'''

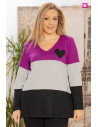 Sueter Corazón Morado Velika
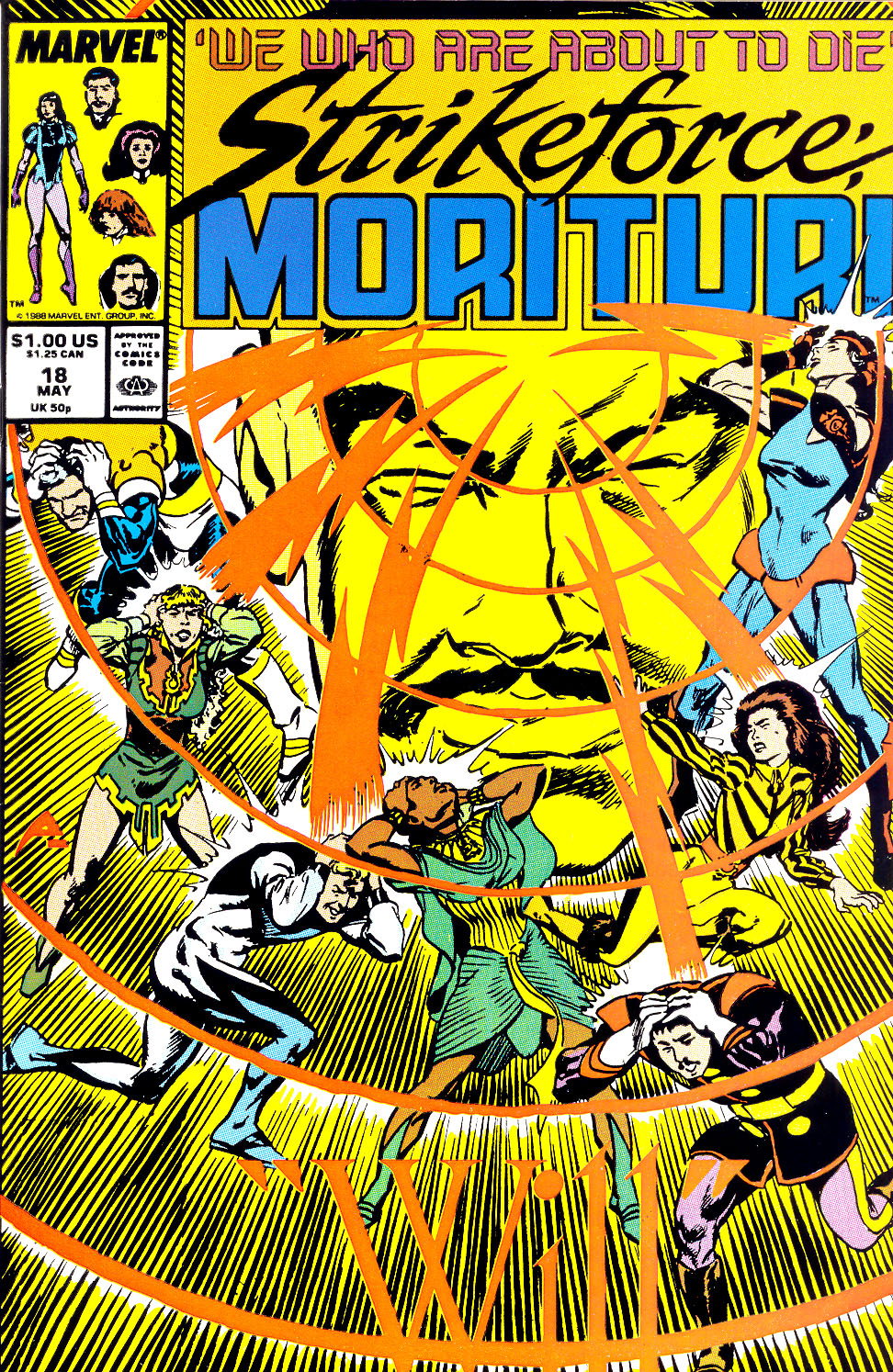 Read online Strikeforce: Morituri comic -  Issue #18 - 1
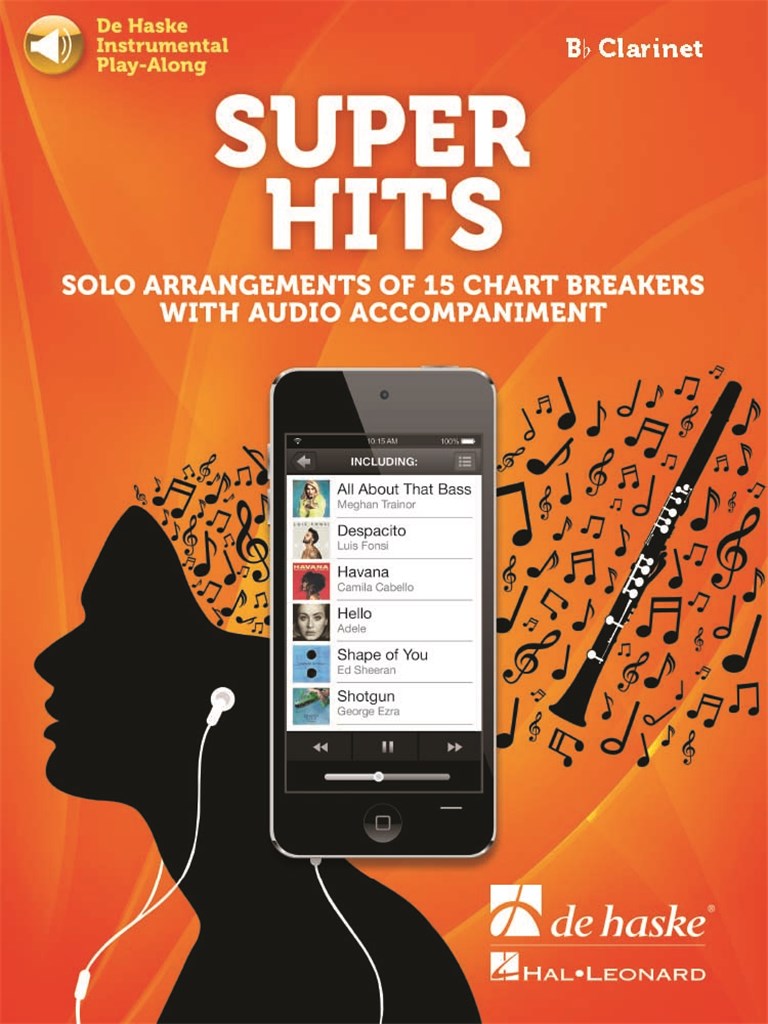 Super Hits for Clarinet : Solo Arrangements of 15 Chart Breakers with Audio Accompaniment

'''
'''

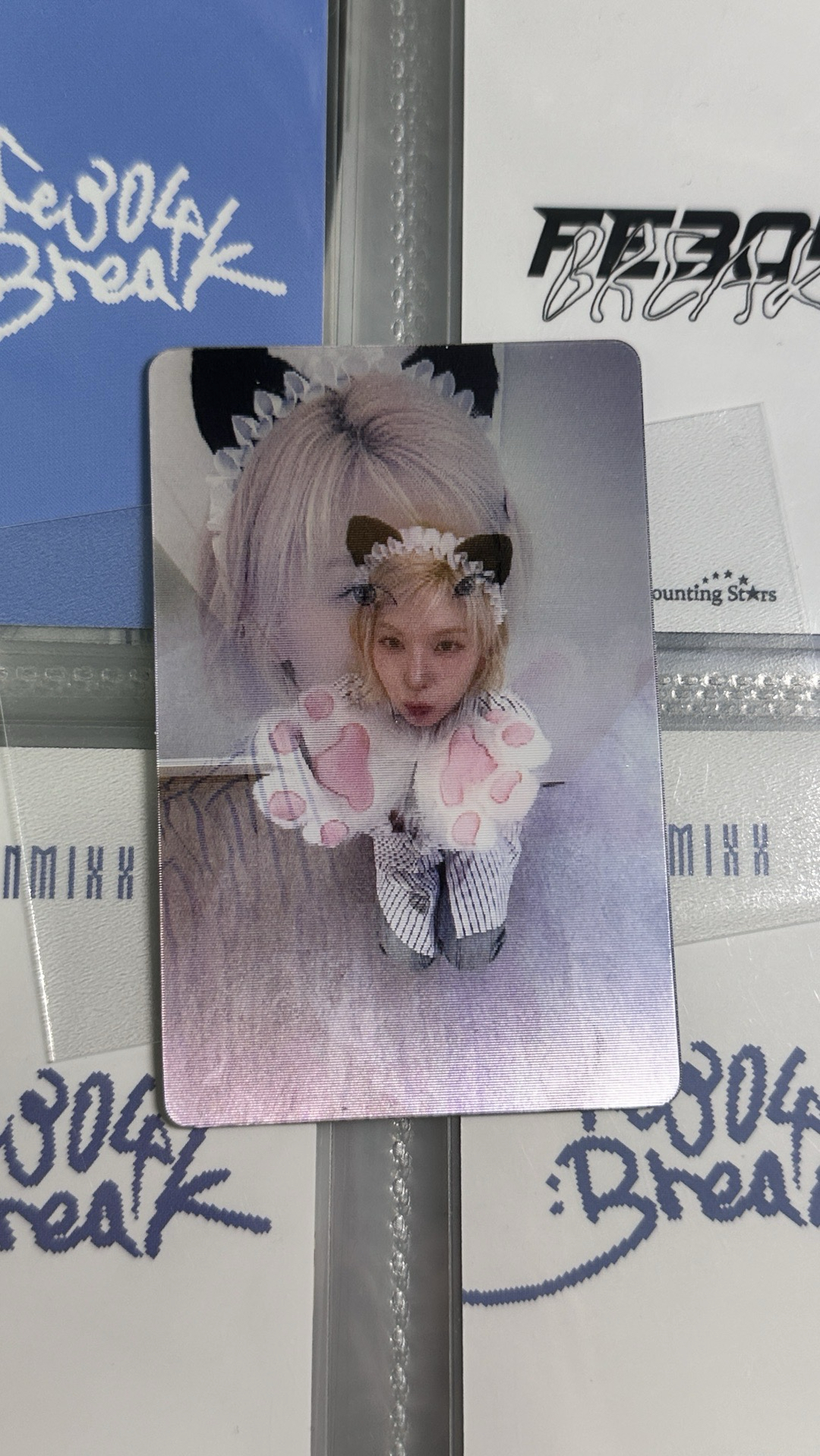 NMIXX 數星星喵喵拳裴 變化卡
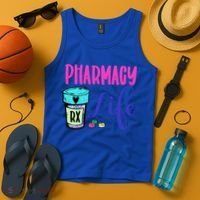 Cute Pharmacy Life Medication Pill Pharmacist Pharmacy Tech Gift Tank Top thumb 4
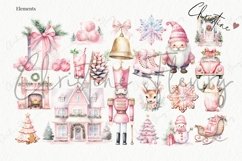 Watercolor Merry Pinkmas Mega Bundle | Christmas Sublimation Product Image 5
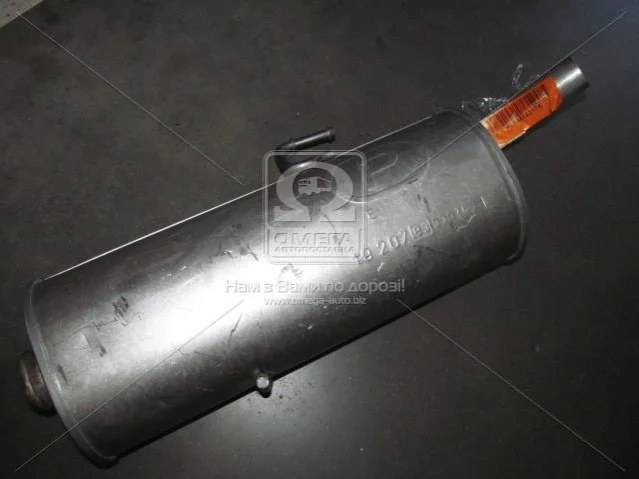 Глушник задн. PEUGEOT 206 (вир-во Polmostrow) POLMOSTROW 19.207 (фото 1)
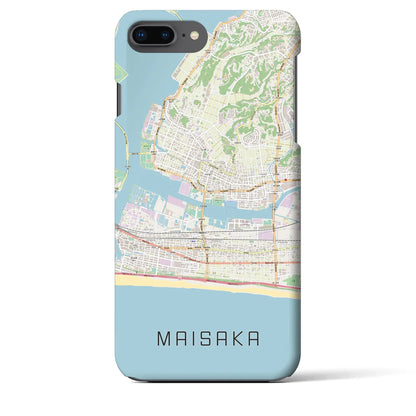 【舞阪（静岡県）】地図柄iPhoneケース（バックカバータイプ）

'''

Exercise objective: Only the lines between the one with "Read online Strikeforce: Morituri" and the one with "Super Hits for", those two included, get copied from the material above. Keep it exact and free of pictures.

Task answer:
 Read online Strikeforce: Morituri comic -  Issue #18 - 1
 Super Hits for Clarinet : Solo Arrangements of 15 Chart Breakers with Audio Accompaniment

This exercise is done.